## Exercise instructions
Below are entries to reproduce exactly, apart from their pictures.

## Short descriptive text snippets
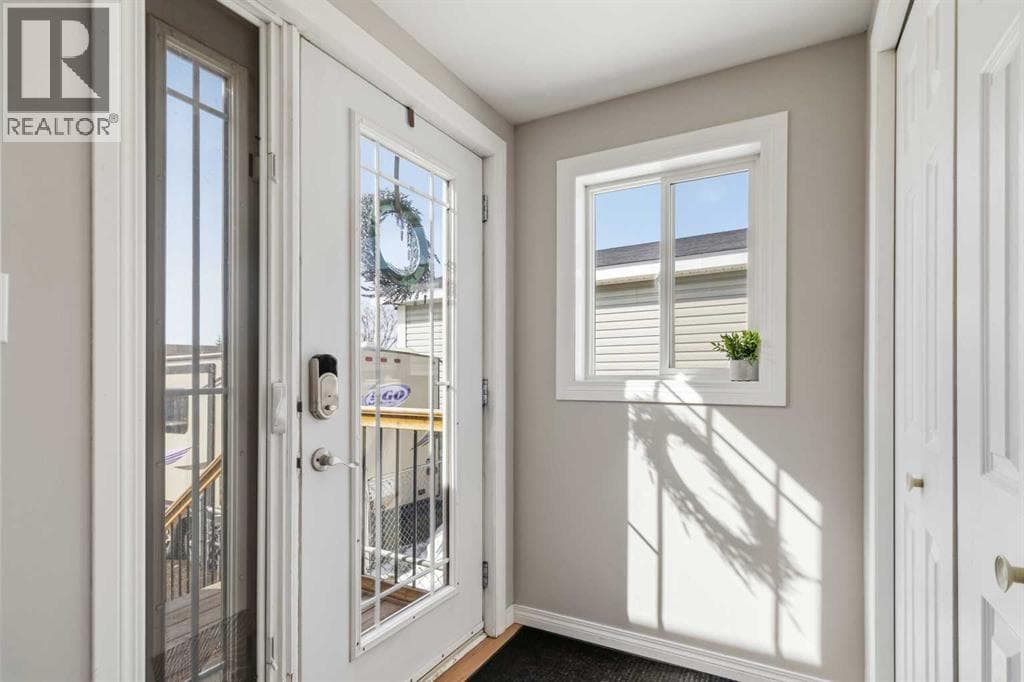 189 Caouette Crescent — photo 3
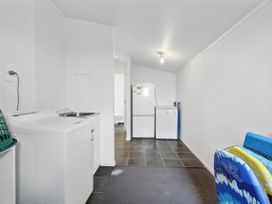 Hornbill Nest - Waikanae Beach Holiday Home -  - 1165430 - thumbnail photo 34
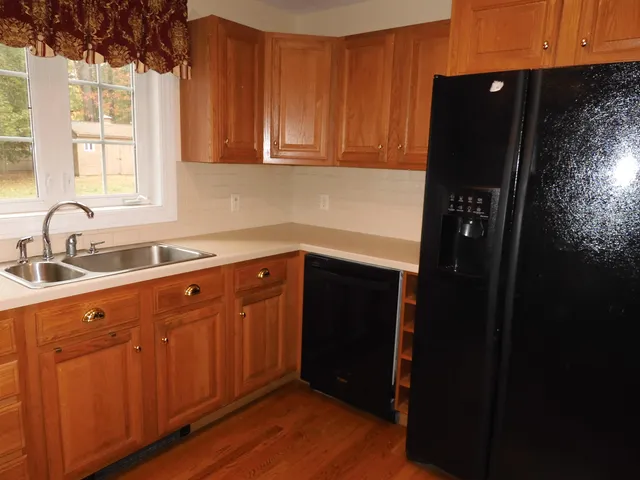 $589,900 | 27 Martins Ferry Road, Hooksett, NH 03106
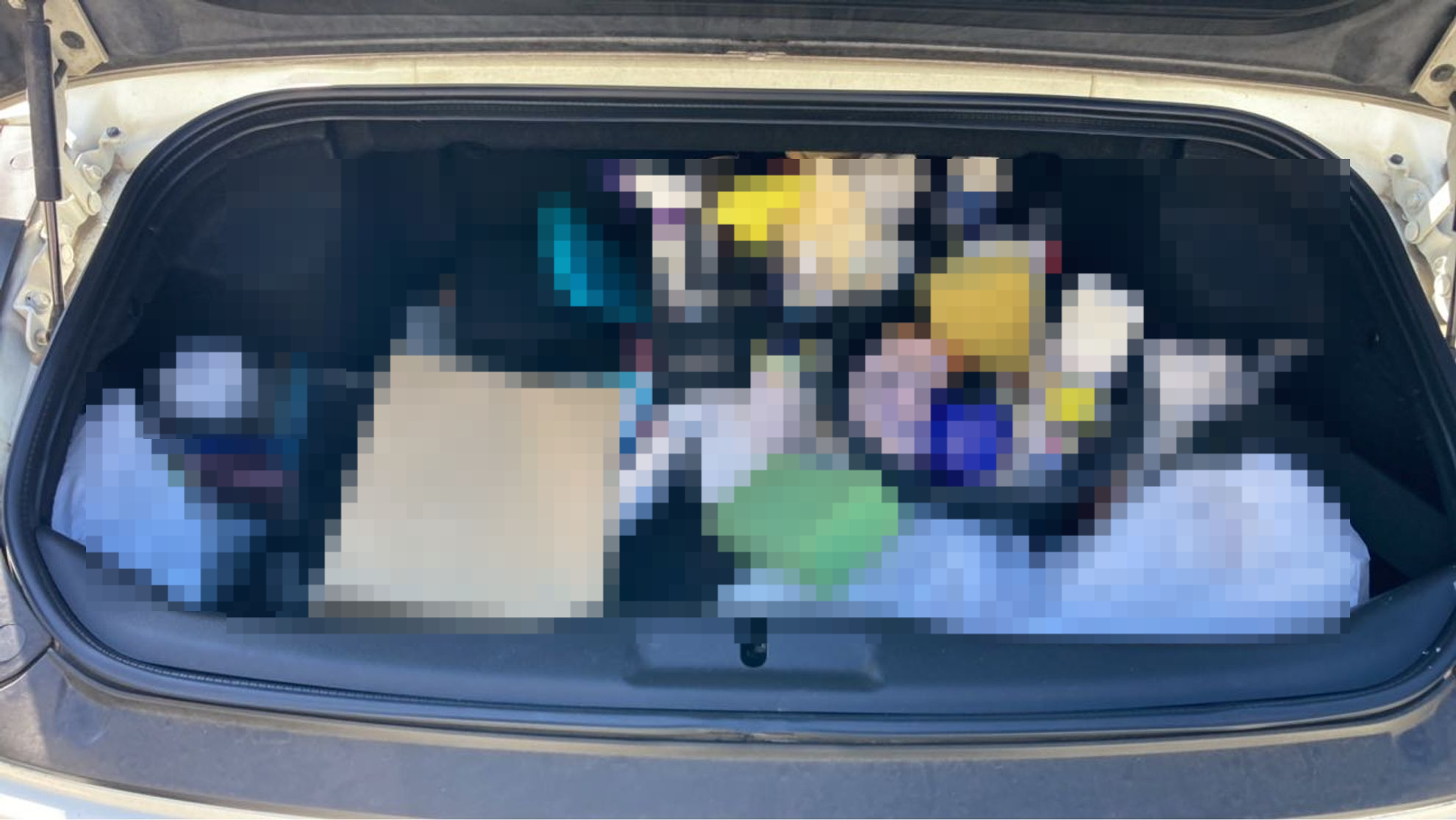 内装トランク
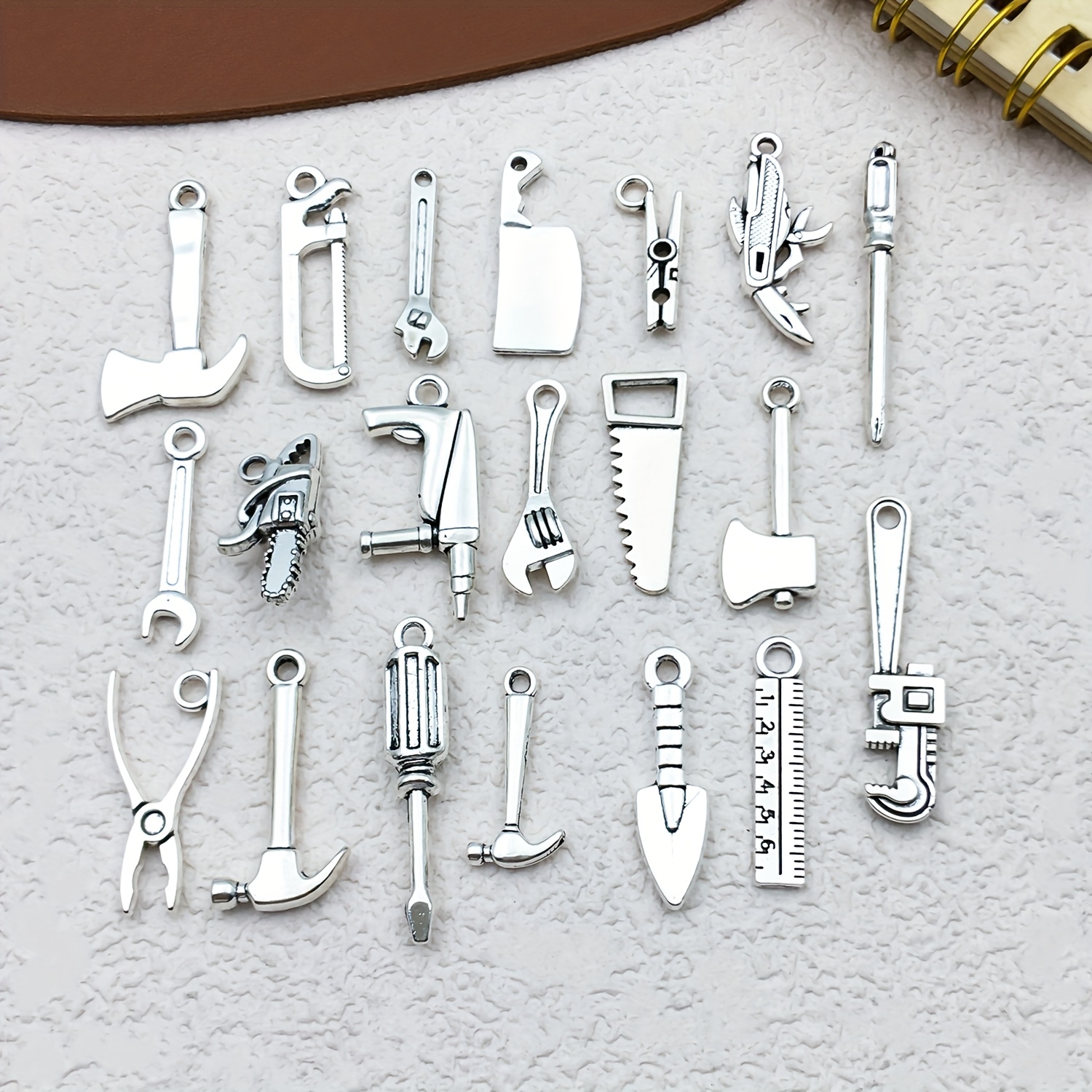 TEMU 20 piezas de dijes de herramientas plateadas antiguas para la fabricación de joyas, pulseras, collares, adornos para aretes, artesanía a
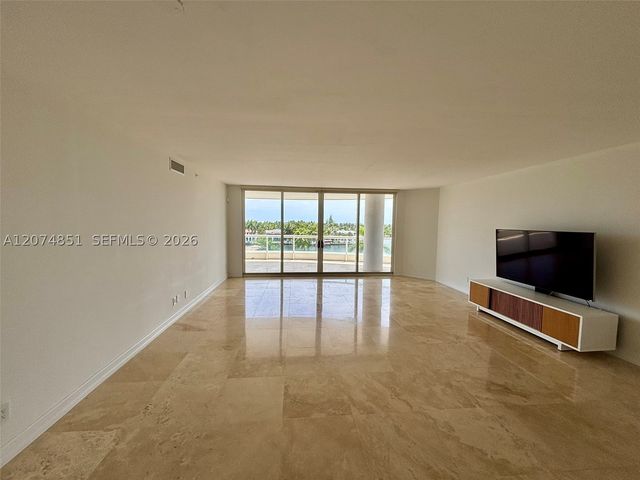 21050 Point Pl 604, Aventura, FL 33180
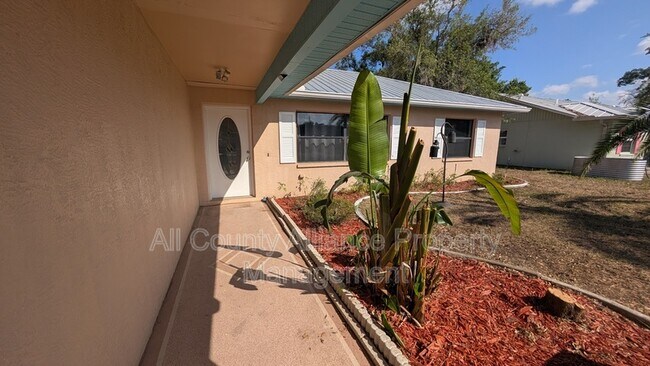 Building Photo - 3441 Thunderbird Ave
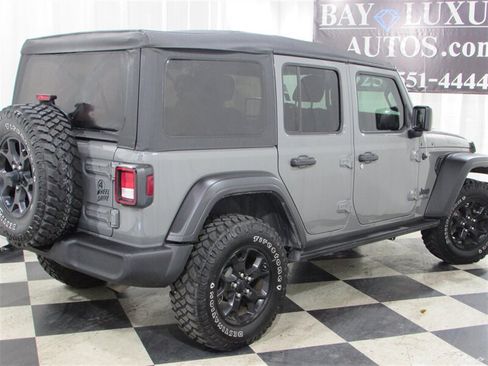 Used 2021 Jeep Wrangler Unlimited Sport AWD/4WD image 9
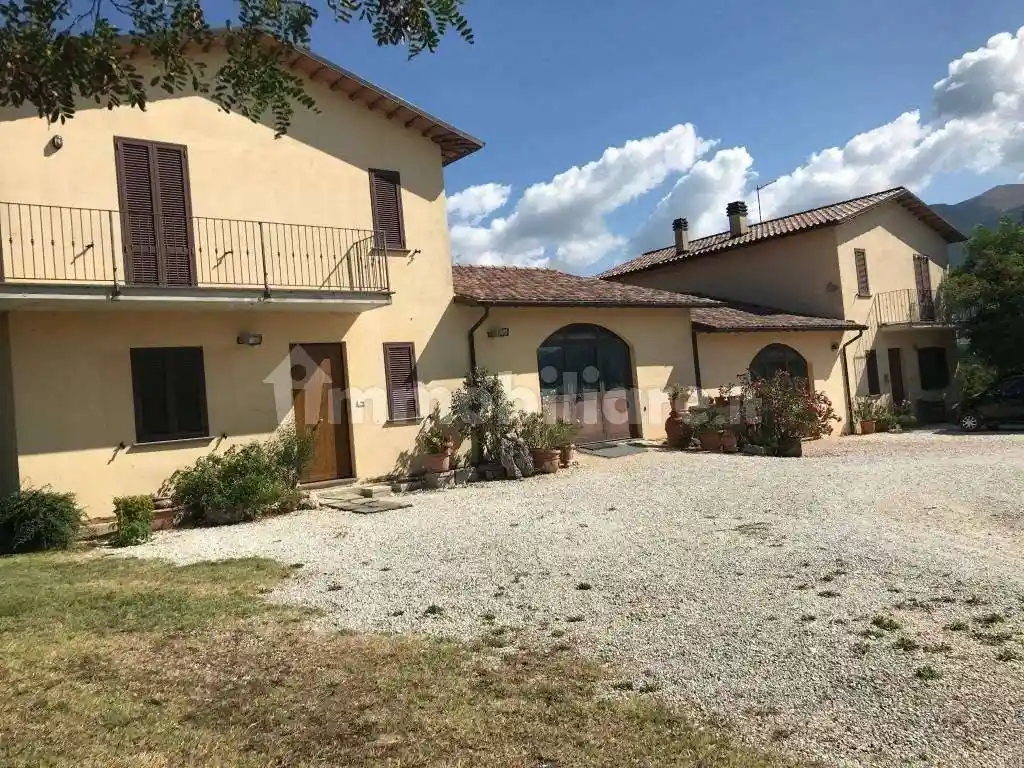 Villa in vendita a Gualdo Tadino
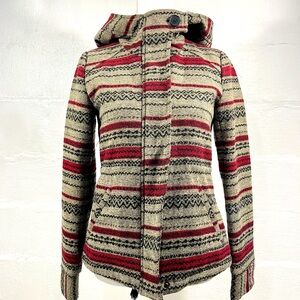 JACK PATTERN ZIP JACKET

## Reply
 189 Caouette Crescent — photo 3
 Hornbill Nest - Waikanae Beach Holiday Home -  - 1165430 - thumbnail photo 34
 $589,900 | 27 Martins Ferry Road, Hooksett, NH 03106
 内装トランク
 TEMU 20 piezas de dijes de herramientas plateadas antiguas para la fabricación de joyas, pulseras, collares, adornos para aretes, artesanía a
 21050 Point Pl 604, Aventura, FL 33180
 Building Photo - 3441 Thunderbird Ave
 Used 2021 Jeep Wrangler Unlimited Sport AWD/4WD image 9
 Villa in vendita a Gualdo Tadino
 JACK PATTERN ZIP JACKET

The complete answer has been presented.